Лукин не спускал с меня глаз.
— Никогда не встречал призраков, — сказал я.
Вновь поднёс к губам чашку.
— Вот и я нашему майору так же сказал, — заверил Фрол Прокопьевич. — Призраки только в сказках бродят, да в книгах Николая Васильевича Гоголя. А если ты видишь сон, то и сам в нём участвуешь, будто его события происходят на самом деле. Ты вот, Мишаня, столько в своих видениях пробыл, что даже повзрослел в них.
Пенсионер аккуратно сложил на тарелке блин, выровнял его края.
— Юра Каховский считает, что в тех снах ты жил в нашем городе, — сообщил он. — Как обычный человек. Учился в школе, занимался спортом. Смотрел телевизор, читал газеты и книги, общался с друзьями и соседями. Потом работал. Говорит: его жена почувствовала в тебе коллегу.
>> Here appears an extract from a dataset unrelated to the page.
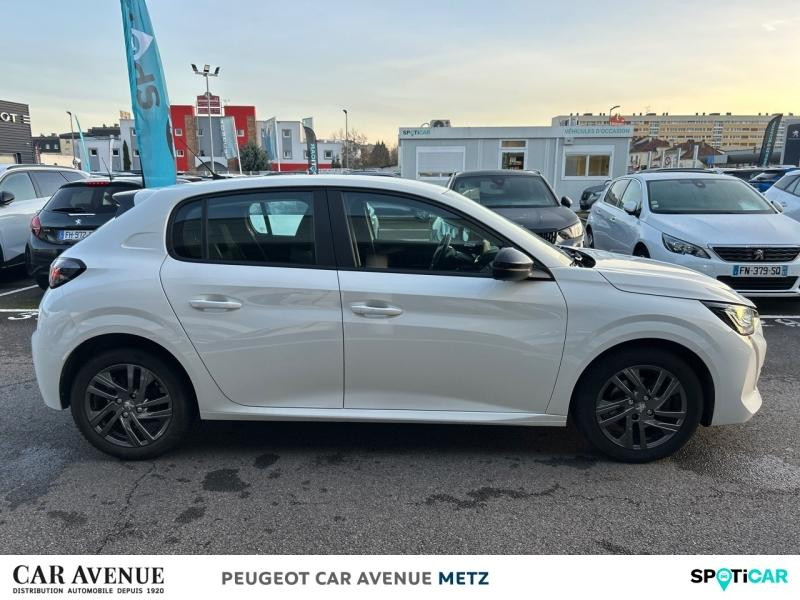 Occasion PEUGEOT 208 1.5 BlueHDi 100ch S&S Active Business 2022 Blanc Banquise (O) 10990 € à Metz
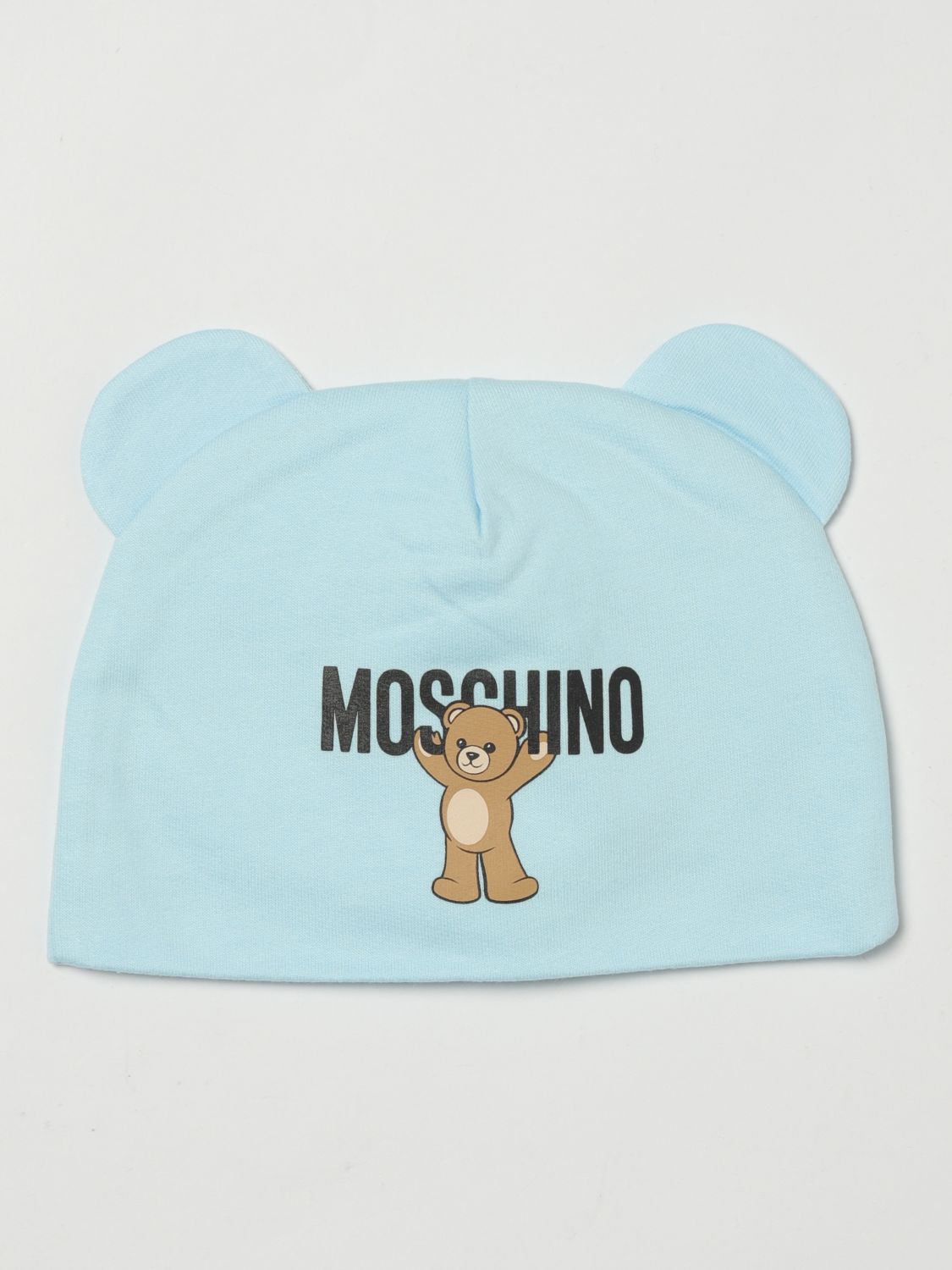 Moschino Hat Kids Blue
Генерал-майор повёл бровями.
— Работник сферы торговли — это нужная, достойная, уважаемая профессия… и денежная, — сказал он. — Моя соседка из второй квартиры «Универмагом» заведует — она бы с радостью обсудила с тобой перспективы развития торговли на ближайшие годы. Жаль, что нам с майором торговые дела не столь интересны…
Лукин вздохнул.
Продолжил:
— Юра, вот, полезным для нашего народа и страны делом занят: преступников ловит, людей спасает. Знаю, что ты ему в работе уже немного подсобил. Молодцы, что усадили за решётку того ростовского зверя. А за случай с нашей девицей фельдшером вам персонально от меня низкий поклон.
Фрол Прокопьевич тряхнул седой головой.
— Да и твои слова о белорусском душегубе подтвердились: сын на днях звонил — рассказывал, какая забористая каша заварилась в Витебской области. Спрашивал, не увидел ли я в своих вещих снах и ещё что-нибудь столь же интересное. Я ответил своему мальчику, что и сам пока не пойму, что видел. Но как только разберусь…
Генерал-майор мечтательно улыбнулся.
— Хотел бы я хоть одним глазком взглянуть, как оно там будет… через двадцать лет, — сказал он. — Но то пустые мечты. Куда там мне: старый стал, давно тяну на лампочках. Могилка моя через два десятка лет травой зарастёт. А у тебя, Мишаня, уж и детишки пионерами станут — с такими же галстуками, как у тебя расхаживать будут.
Пенсионер указал на меня согнутым в дугу пальцем.
— Вот скажи мне, Мишаня, — попросил он. — Двадцать лет — немалый срок. Люди многое должны успеть. Я про новые самолёты тебя не спрашиваю. Сомневаюсь, что ты их в нашем занюханном Великозаводске видел. Но про космос-то ты наверняка слышал. На Луну мы опоздали: опередили нас американцы. А скажи: на Марс-то мы когда полетим?
Я затолкал в рот остатки смазанного мёдом блина, пожал плечами.
— Что так? — переспросил Фрол Прокопьевич. — Неужто за двадцать лет не успеем? Неужели страна не осилит такое дело к началу следующего тысячелетия? Или снова все силы бросим на строительство развитого социализма? А как же небо? А как же космос? Хрущёв вон тоже всё больше о кукурузе думал. Но человека на орбиту мы отправили первыми!
Генерал-майор стукнул ладошкой по столешнице — звякнули чашки, заплескалась вода в кувшине.
— Не до космоса нам будет, Фрол Прокопьевич, — сказал я.
Лукин не донёс до губ чашку. Его рука замерла в воздухе. Потом и вовсе опустилась — донышко чашки ударилось о блюдце.
— Ты намекаешь… опять война? — спросил он.
На тонкой шее пенсионера напряглась тонкая жилка.
— С кем? — спросил ветеран. — Неужто с американцами?
Он нахмурился.
— Фрол Прокопьевич, — сказал я, — как у вас обстоят дела… с сердцем?
Лукин прижал ладонь к груди. Посмотрел мне в глаза. Кивнул.